EXERCISE PROMPT: A verbatim copy of the listing is what is needed, minus any pictures.

SOURCE MATERIAL:
■ ■ ■ ■

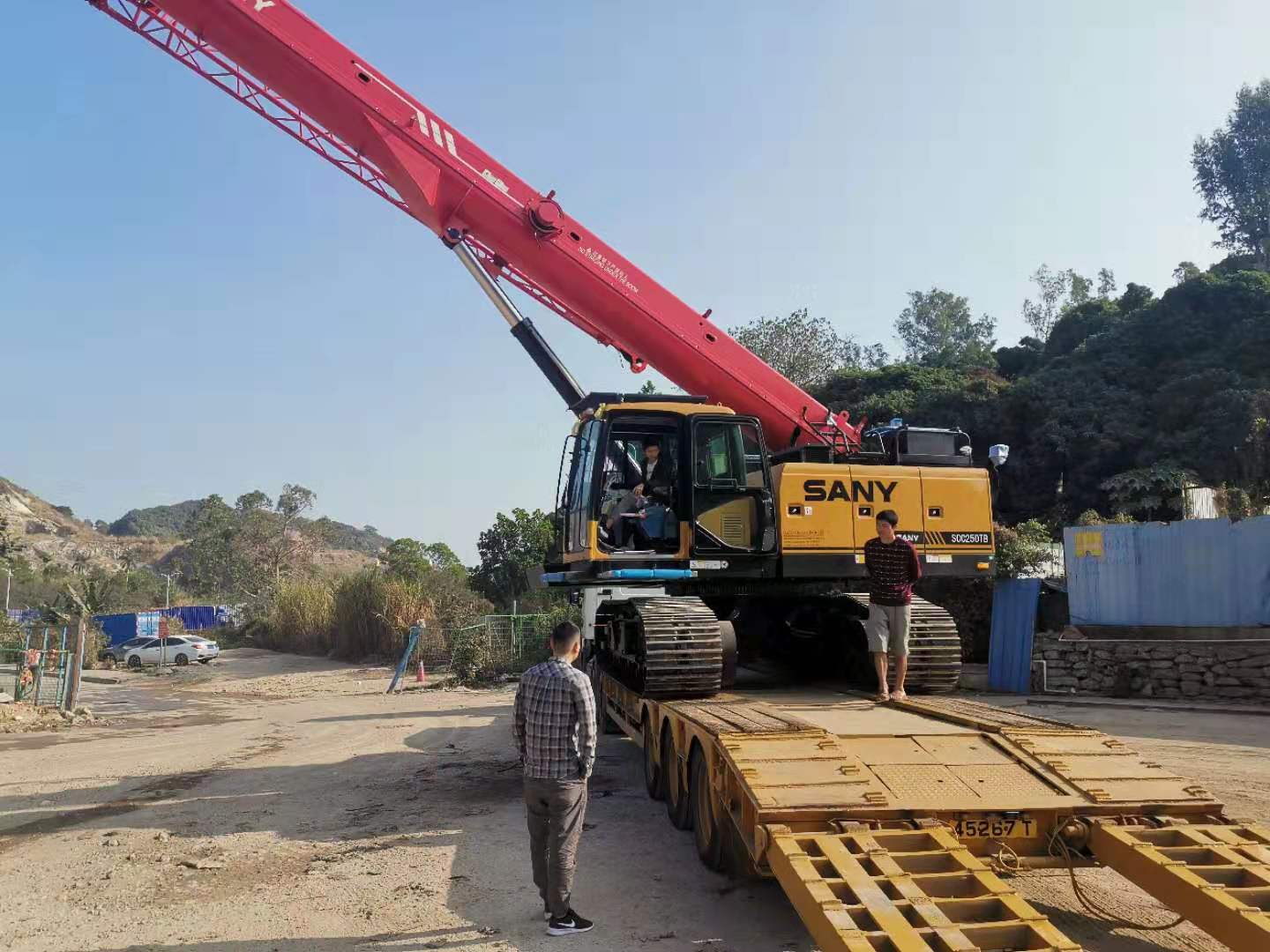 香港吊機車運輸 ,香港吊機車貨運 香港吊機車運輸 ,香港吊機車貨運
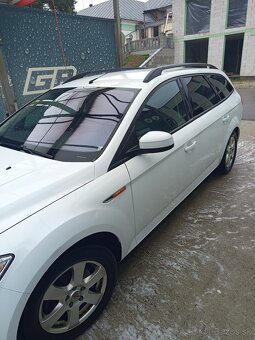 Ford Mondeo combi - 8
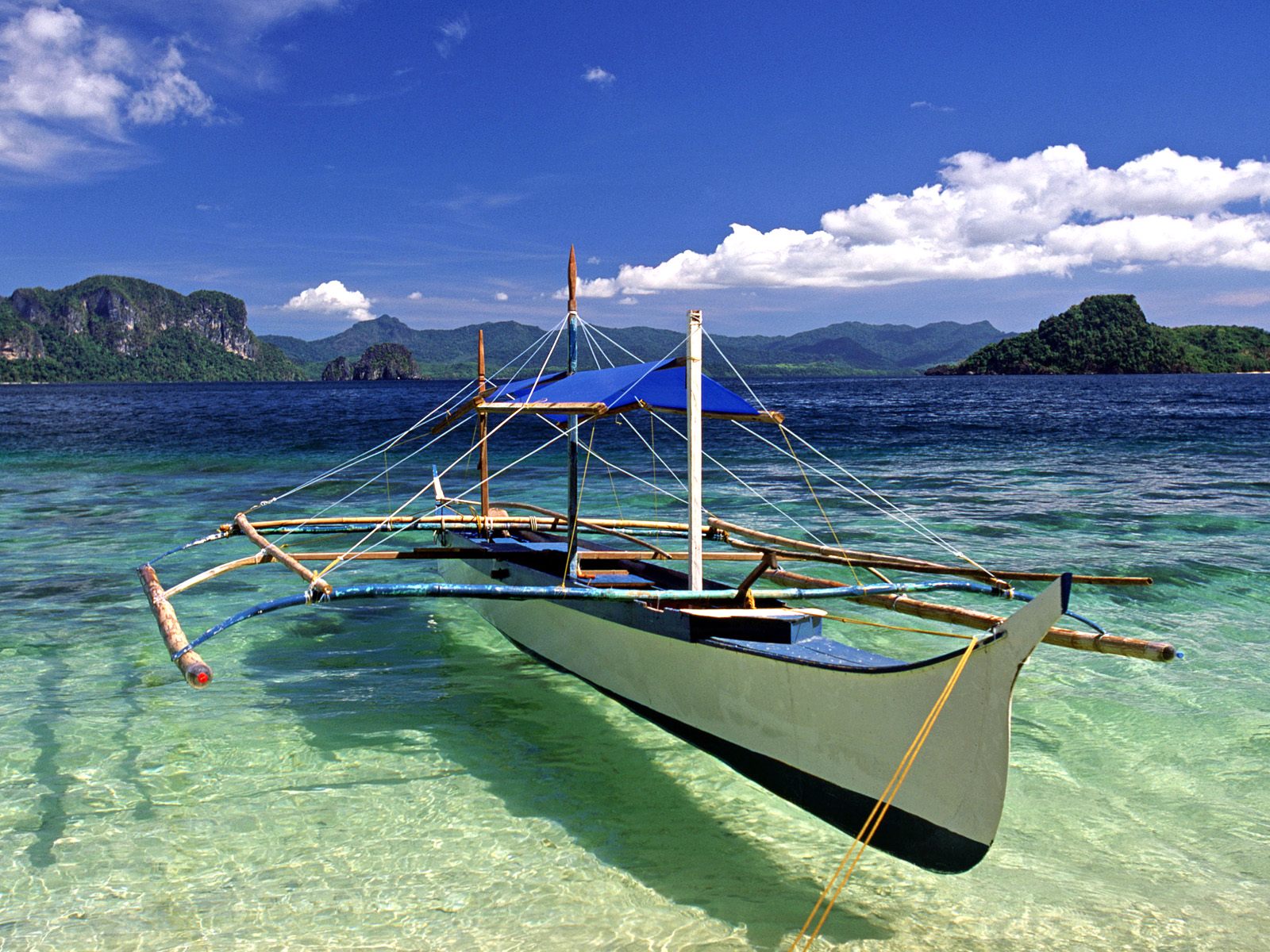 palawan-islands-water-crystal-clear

■ ■ ■ ■

TASK RESULT:
 香港吊機車運輸 ,香港吊機車貨運 香港吊機車運輸 ,香港吊機車貨運
 Ford Mondeo combi - 8
 palawan-islands-water-crystal-clear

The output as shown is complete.